Court of Civil Appeals of Texas, Amarillo
Feb 20, 1924
258 S.W. 562 (Tex. Civ. App. 1924)

Summary

In Wm. Cameron Co., Inc. v. Abbott, 258 S.W. 562 (Tex.Civ.App. 1924), the Texas Court of Civil Appeals held that the Texas homestead exemption did not apply to the proceeds of a debtor's Oklahoma homestead (exempt in Oklahoma) when those funds were brought to Texas, even though the debtor harbored the present intent to reinvest same in a homestead.

Summary of this case from In re Ginther

Opinion

No. 2234.

January 9, 1924. Rehearing Denied February 20, 1924.

Appeal from District Court, Hardeman County; J. V. Leak, Judge.

Action by R. W. Abbott and wife against William Cameron Co., Incorporated. Judgment for plaintiffs, and defendant appeals. Reversed and remanded.

D. E. Magee, of Quanah, and T. M. Robinson, of Altus, Okla., for appellant.

Stansell Whiteside, of Altus, Okla., and Marshall Perkins, of Quanah, for appellees.
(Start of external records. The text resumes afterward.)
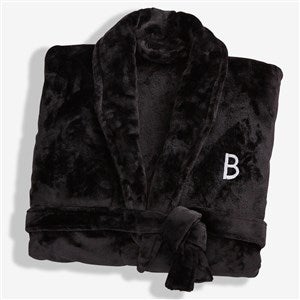 Classic Comfort Personalized Luxury Fleece Robe- Black - 25874-B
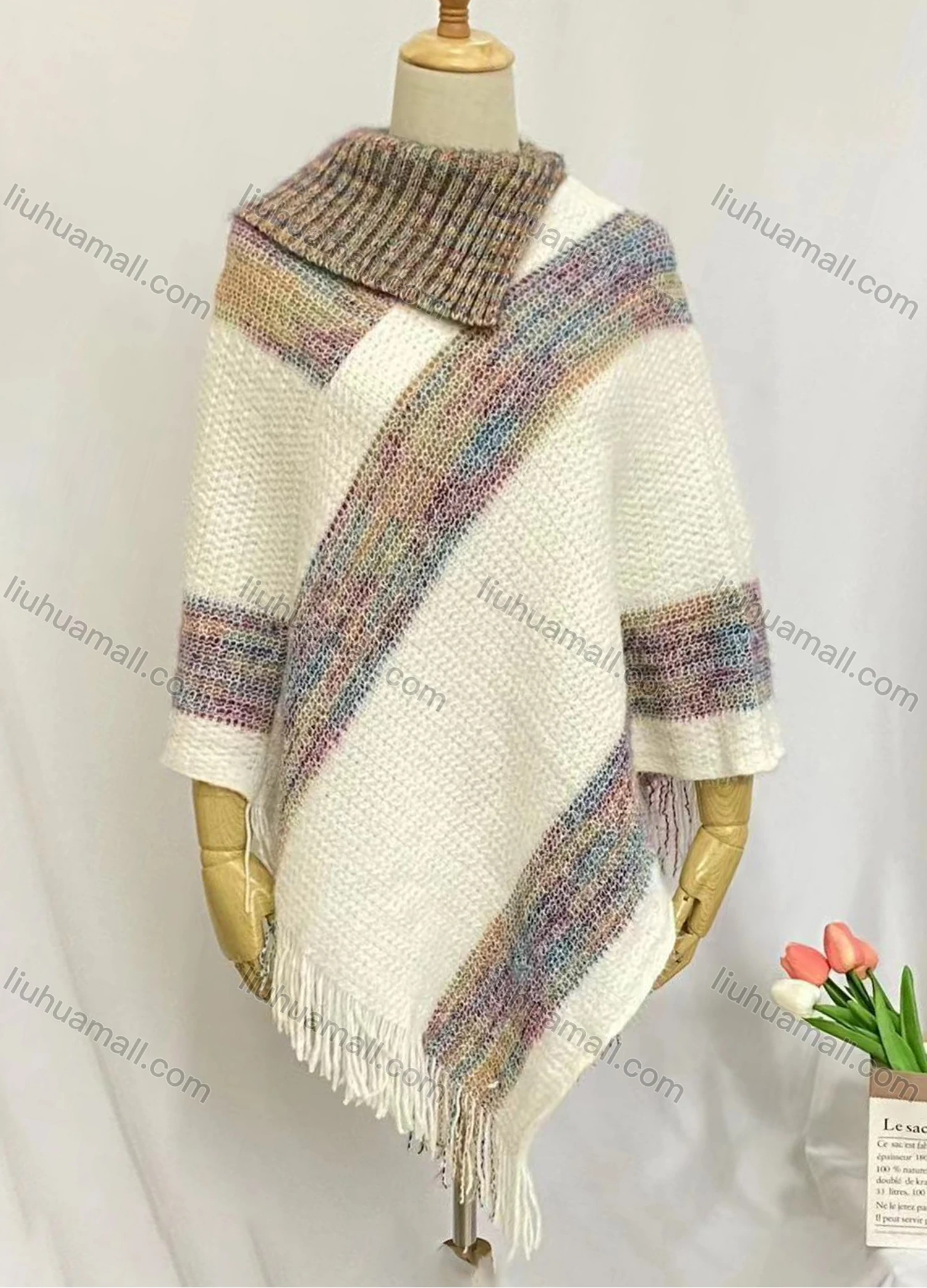 Wholesale Women's Fashion Casual Asymmetrical Neck Splicing Color Tassel Cape - Liuhuamall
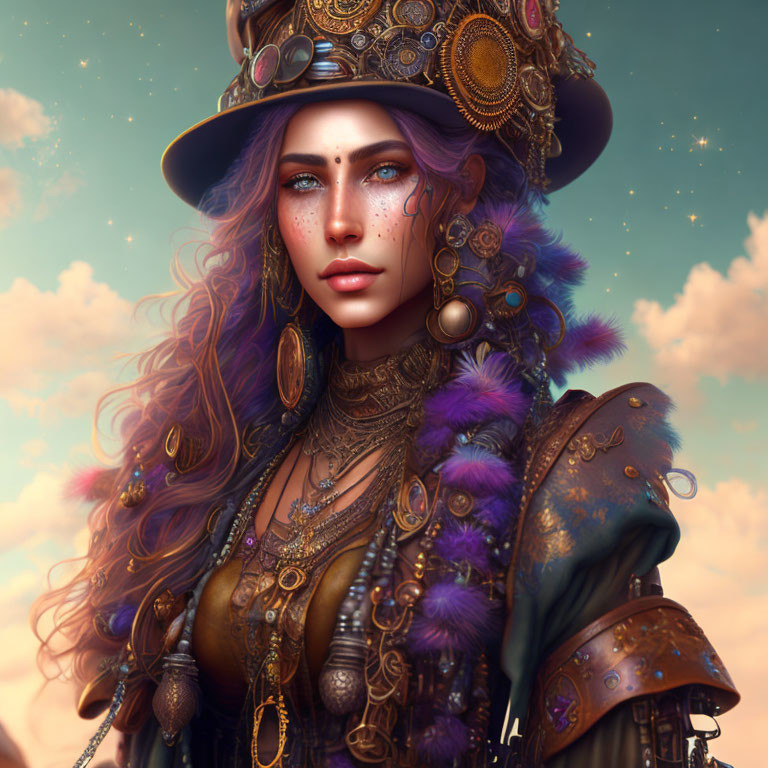 Digital artwork: Woman with red hair in steampunk hat and jewelry against cloudy sky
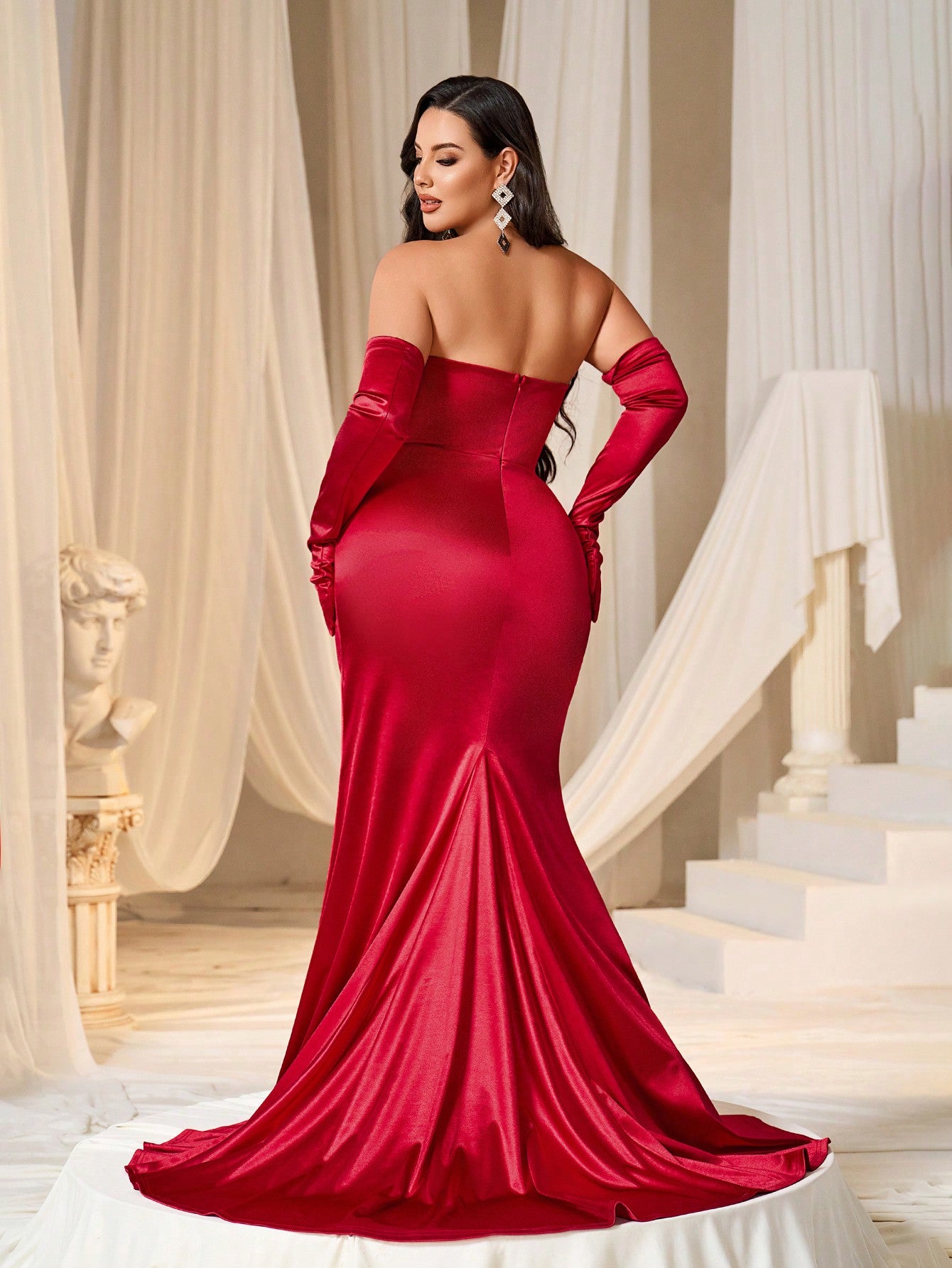 Glamorous Red Plus Size Satin Ruched Strapless  Long Maxi Dress with Gloves-Free Shipping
R. W. Abbott and his wife brought this suit in the district court of Hardeman county, against Wm. Cameron Company, Incorporated, to enjoin the defendant from proceeding further with attachment and garnishment proceedings instituted by it against the plaintiff R. W. Abbott in the district court of Jackson county, Okla. A temporary injunction was granted, which, on final trial without a jury, was perpetuated; and the defendant appeals.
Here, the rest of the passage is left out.